Scanlon’s post is part of The Toast‘s excellent series on trans issues.

Debased On A True Story

Michelle Huneven recalls feeling “a sense of powerlessness and an utter lack of recourse” once she realized the novelist T.C. Boyle had based a character – whom she describes as a “talentless airhead poseur” – on her. Her advice for the fictionalized:

Go fetal. Give the writer a good talking to. Write a letter of complaint. Write your own book, your way. Keep it to yourself and seethe. You can sue, but the bar for libel lawsuits involving fiction is very, very high. And so is the cost.
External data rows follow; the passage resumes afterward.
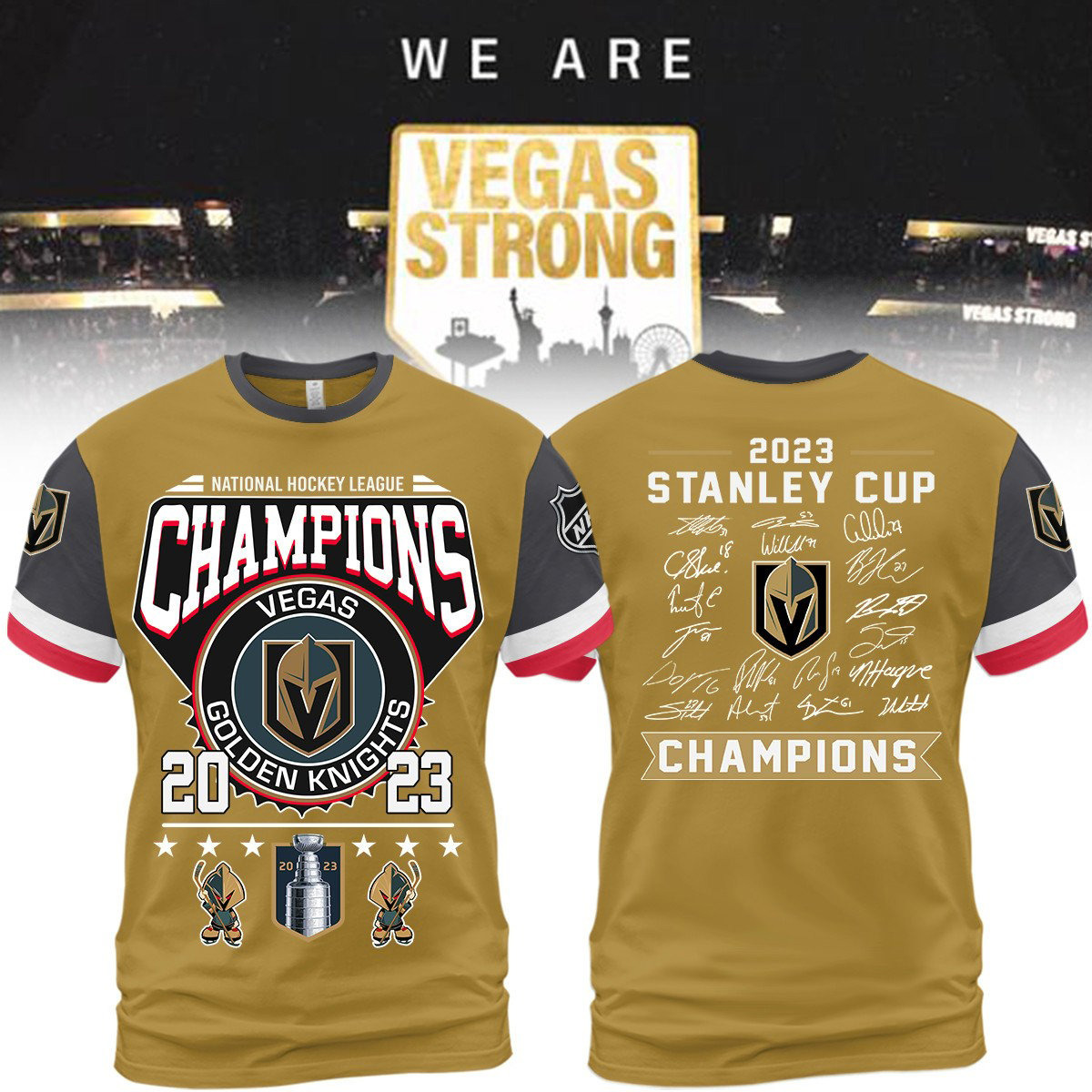 Vegas Golden Knights National Hockey League 2023 3D Shirt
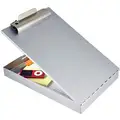 Saunders Silver Aluminum Storage Clipboard, Legal File Size, 9" W x 16-3/16" H, 1" Clip Capacity, 1 EA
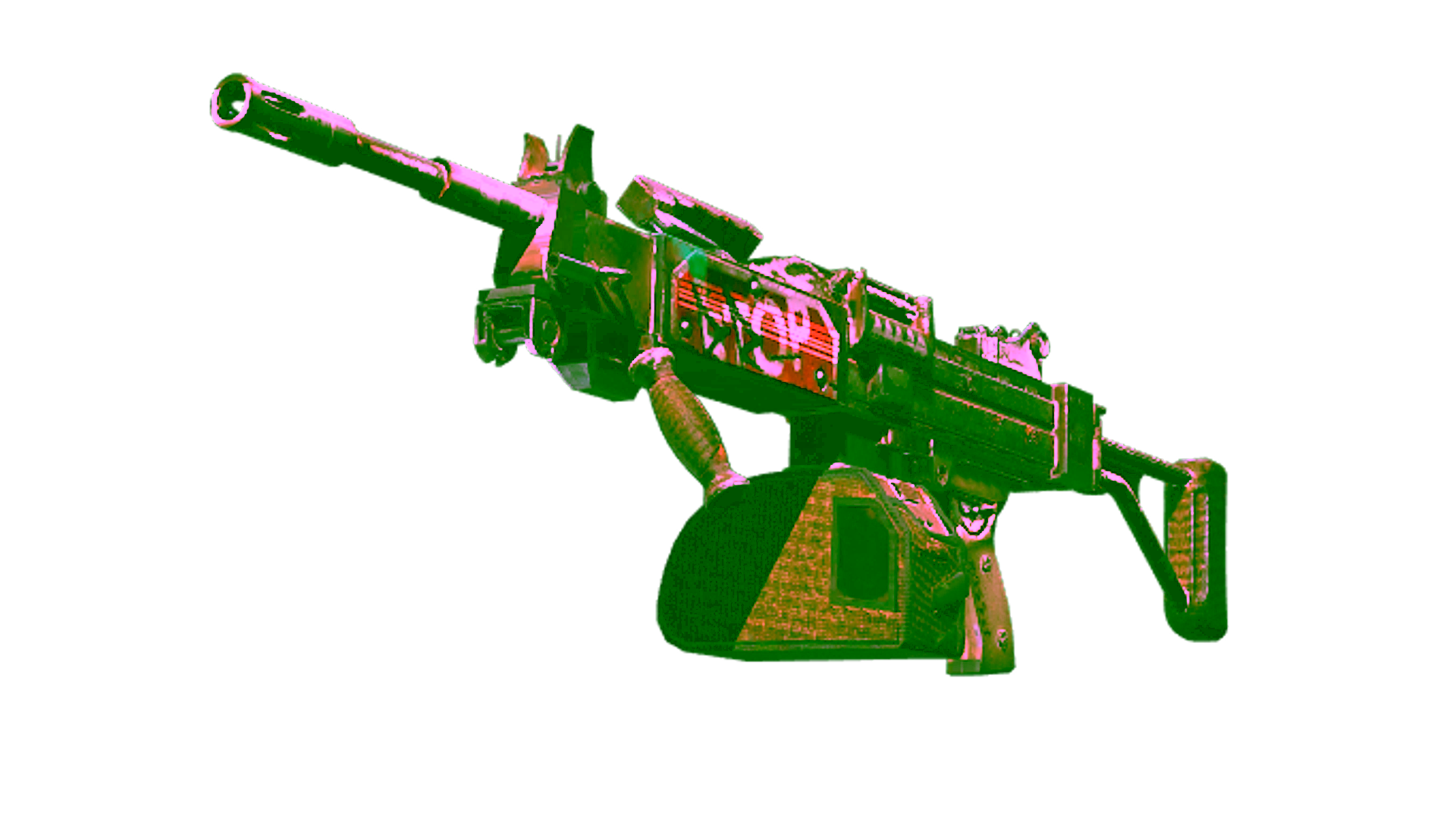 Affichage pour StatTrak™ Negev | Drop Me (Well-Worn)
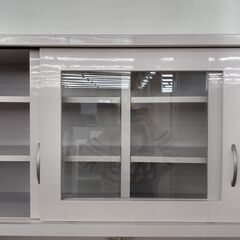 ☆ジモティ割あり☆ レンジボード 白 H186×D48.5×W117 クリーニング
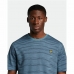 Camisola de Manga Curta Lyle & Scott V1-Breton Stripe Azul Homem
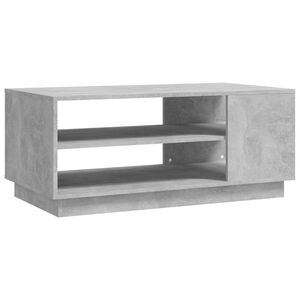 vidaXL Konferenčn&yacute; stol&iacute;k bet&oacute;novosiv&yacute; 102x55x43 cm drevotrieska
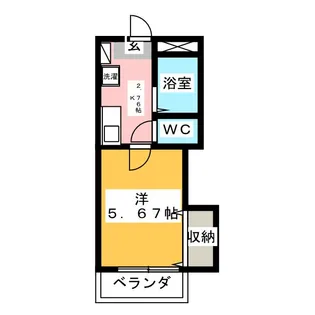 アバンテ曲金 I【2階】の間取り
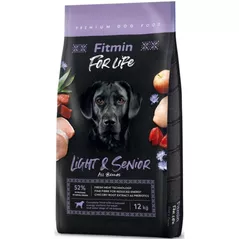 Корм для питомцев Fitmin Dog For Life Light & Senior 12kg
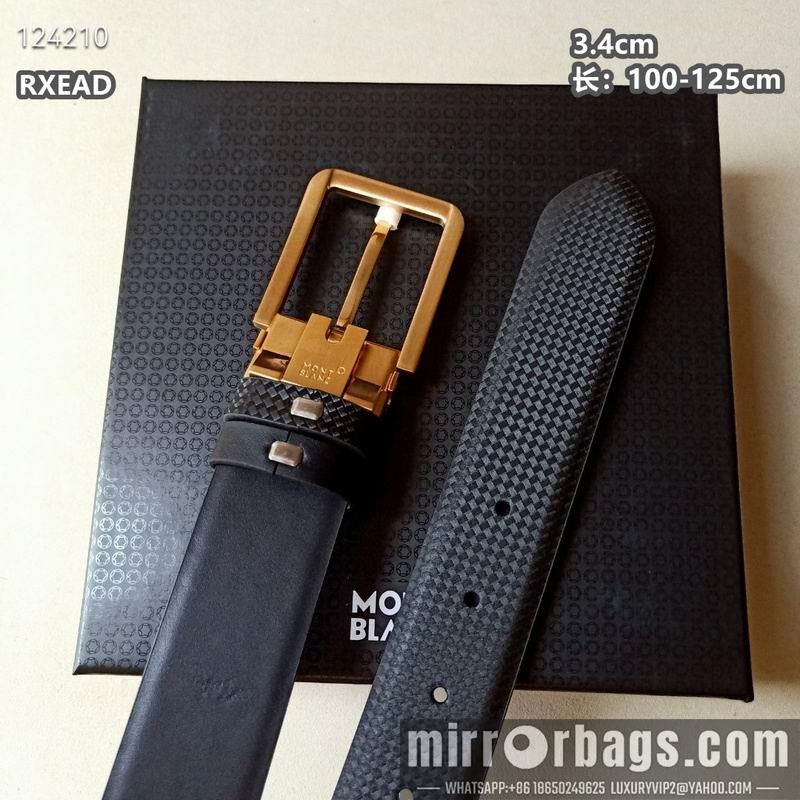 Replica Montblanc belt 34mmX100-125cm 8L07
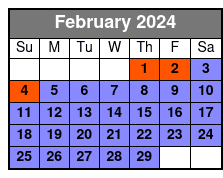 2pm Eco Tour February Schedule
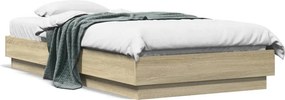 vidaXL Πλαίσιο Κρεβατιού Χωρ. Στρώμα Sonoma Δρυς 75x190εκ Επεξ. Ξύλο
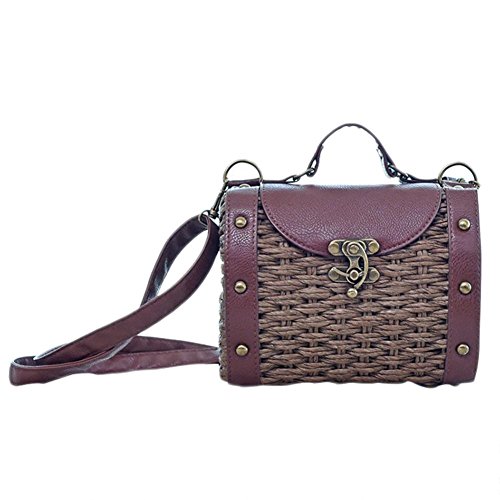 Elementral Retro Sling Bag Rattan Woven Bag Spiaggia Borsa a tracolla fatto a mano Borsa portaoggetti Totes
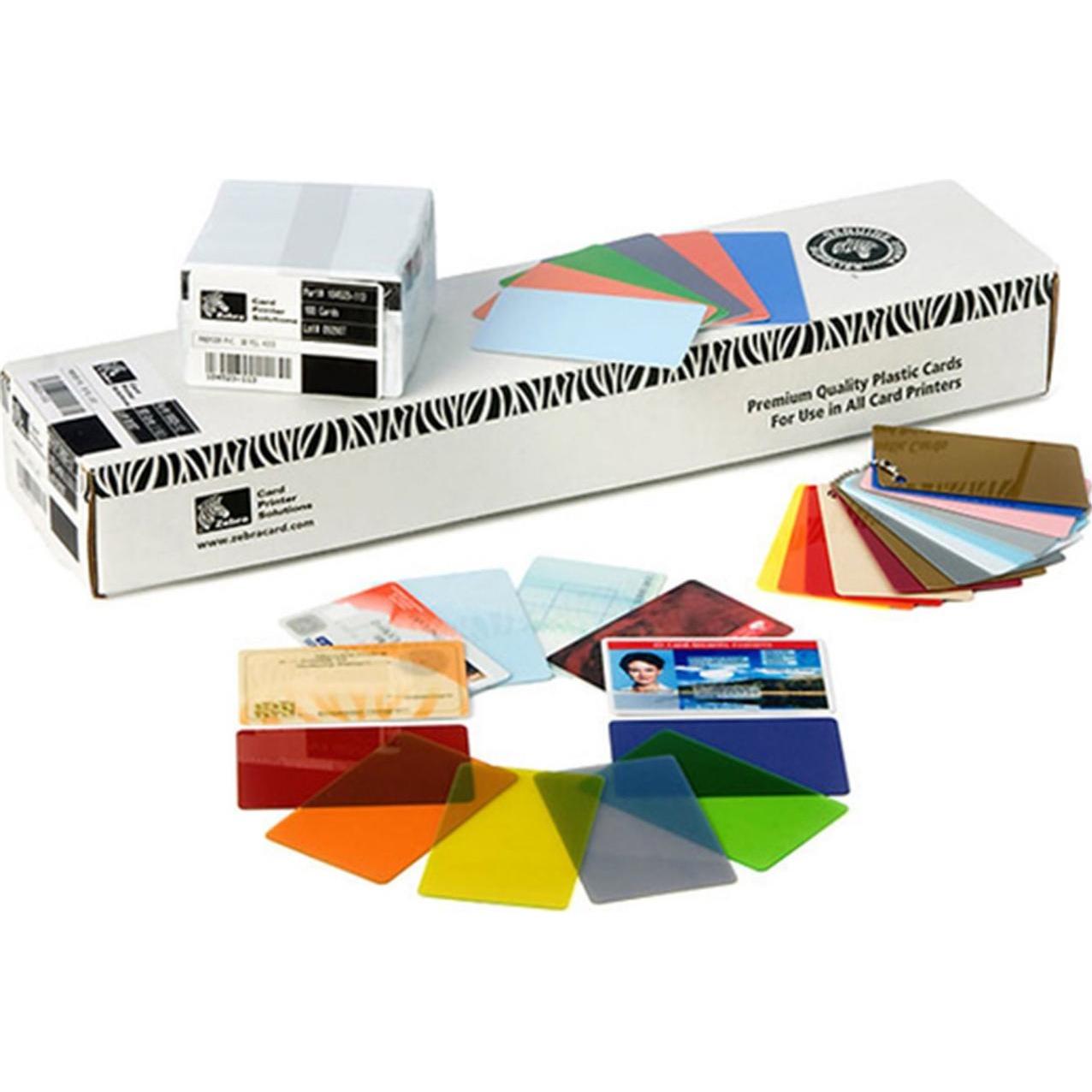 Thumbnail - Zebra, Kopierpapier, 500-PK PVC CARDS 30MIL SILVER (30 g/m², 500 x, 85.6 x 54 mm)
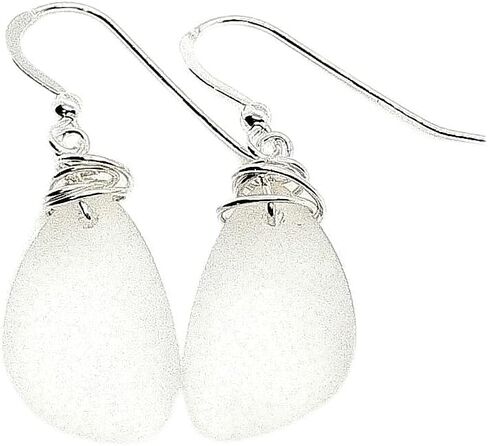 Popular Recycled Sea Glass Earrings on Sterling Silver Hooks in Saudi Arabia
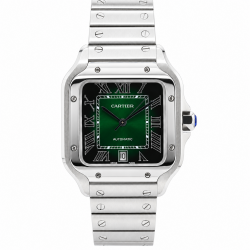 Cartier Santos Large Size WSSA0062 Green Dial Watch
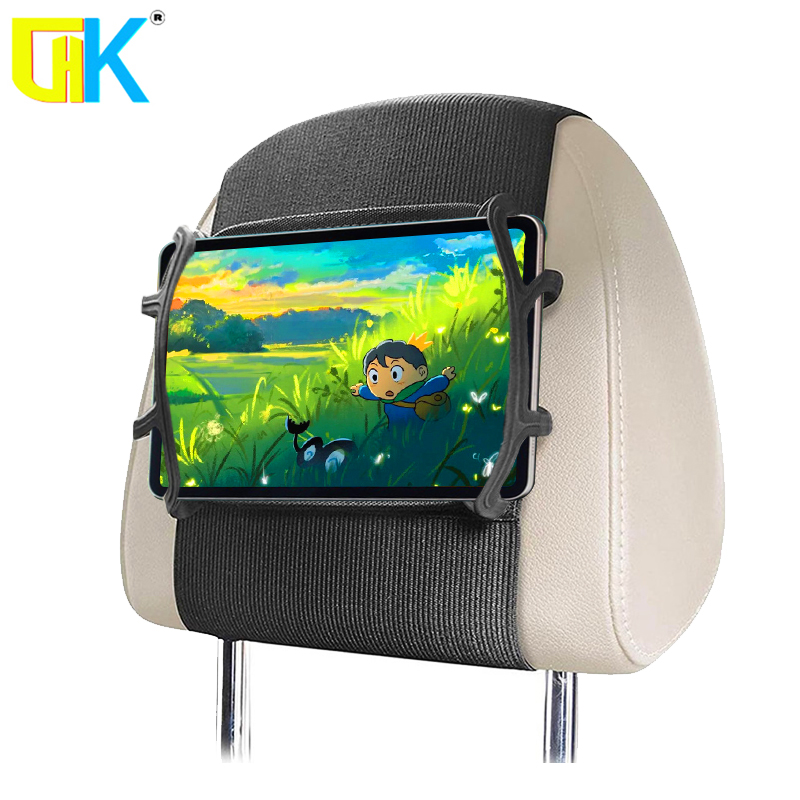 Hkgk Universele Auto Tablet Houder Voor Samsung Tablet Stand Auto Hoofdsteun Mount Houder 7-10.5 Inch Voor Ipad Air pro Tablet Case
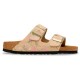 сандали,дамски,сандали,и,чехли,birkenstock,arizona,bs,suede,leather,narrow,sandals,beige,(sandcastle,flower,print)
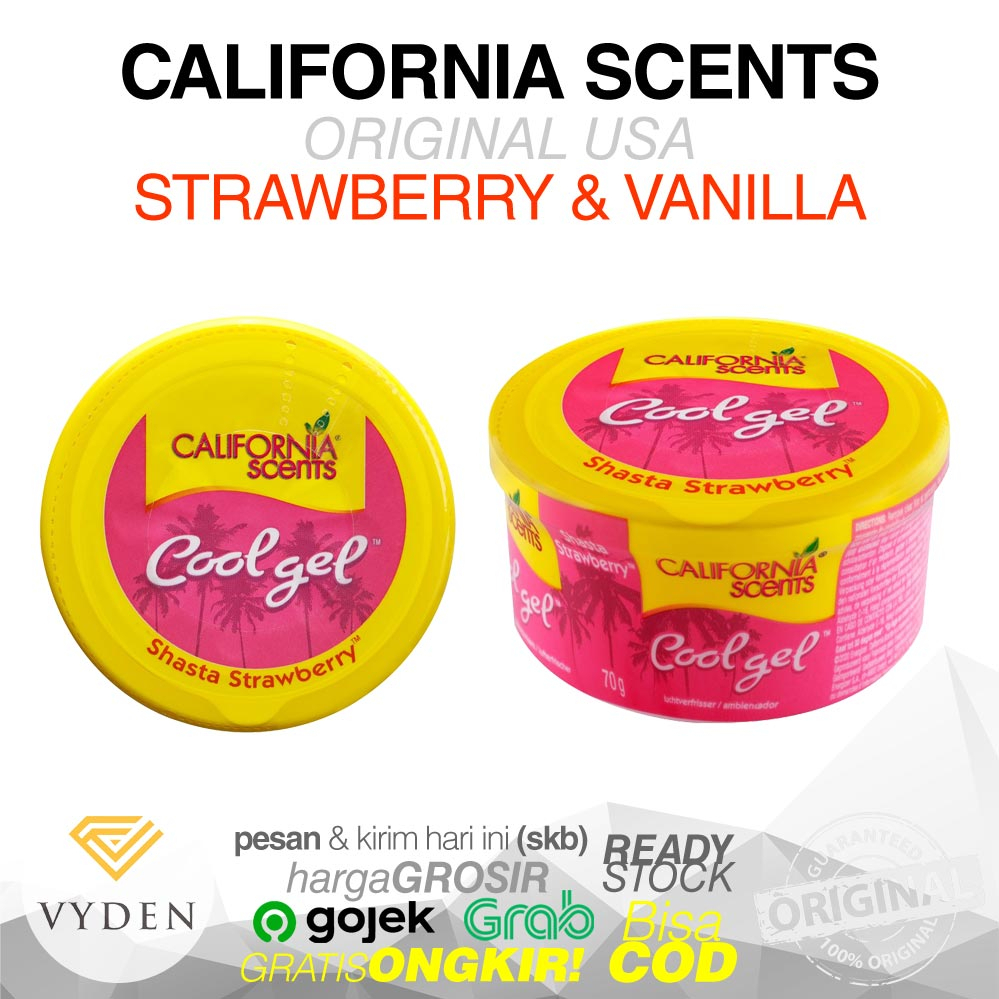 Parfum Mobil CALIFORNIA SCENTS Cool Gel USA Original Pengharum Pewangi Mobil Wangi Harum Tahan Lama Ruangan Kamar Rumah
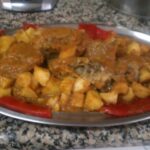 Cabrito guisado al estilo casero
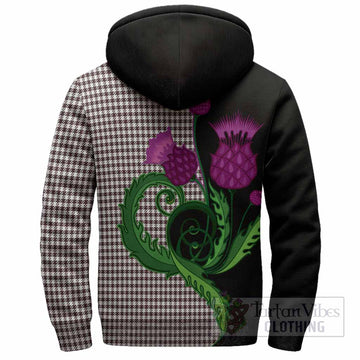 Shepherd Tartan Sherpa Hoodie Traditional Scottish Thistle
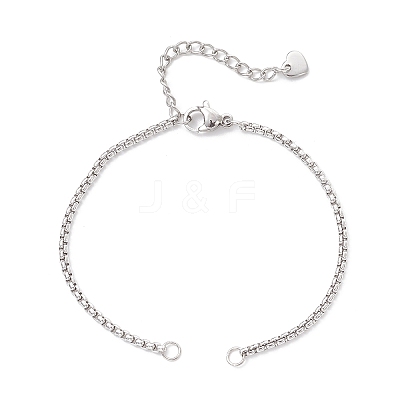 304 Stainless Steel Cable Chain & Venetian Chain & Rolo Chain Bracelet Making AJEW-JB01441-1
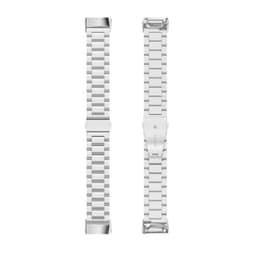 Rustfrit stål armbånd Fitbit Charge 6 - sølv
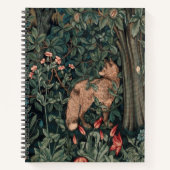 William Morris Greenery Fox Wildlife Notitieboek (Voorkant)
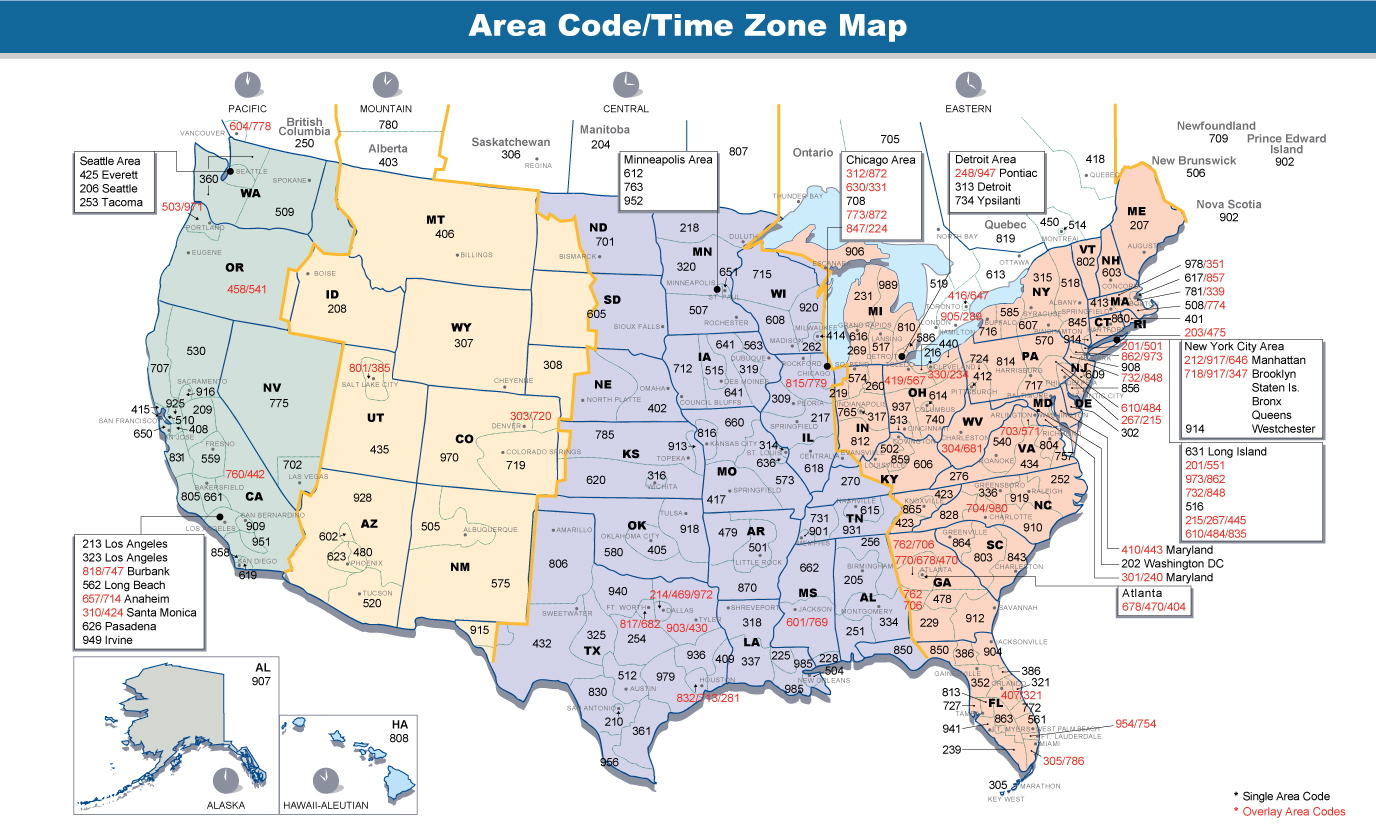 Free Printable Us Timezone Map With State Names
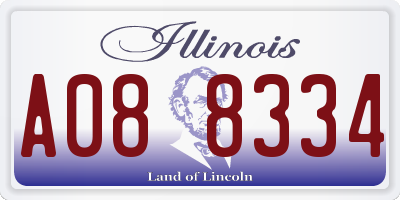 IL license plate A088334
According to the libel lawyer Elizabeth McNamara, the fictionalized, like all litigants, sue for one of two reasons: because they feel wronged, or for money.

Your ex-girlfriend has put you in a story; you’re unmistakable—that’s your hair color, your tattoo, your speech impediment—only she’s made you a rapist. Or your cheating, lying ex-boyfriend has written a best seller featuring you, your family, and all your best lines; he’s sold the screen rights, he’s raking it in. Why shouldn’t you have a share of the pot?

“Since time, immemorial writers have used real life to inspire them and build upon their experience,” says McNamara. “But invariably, characters diverge from reality.”

There’s the rub. And there goes your case, out the window.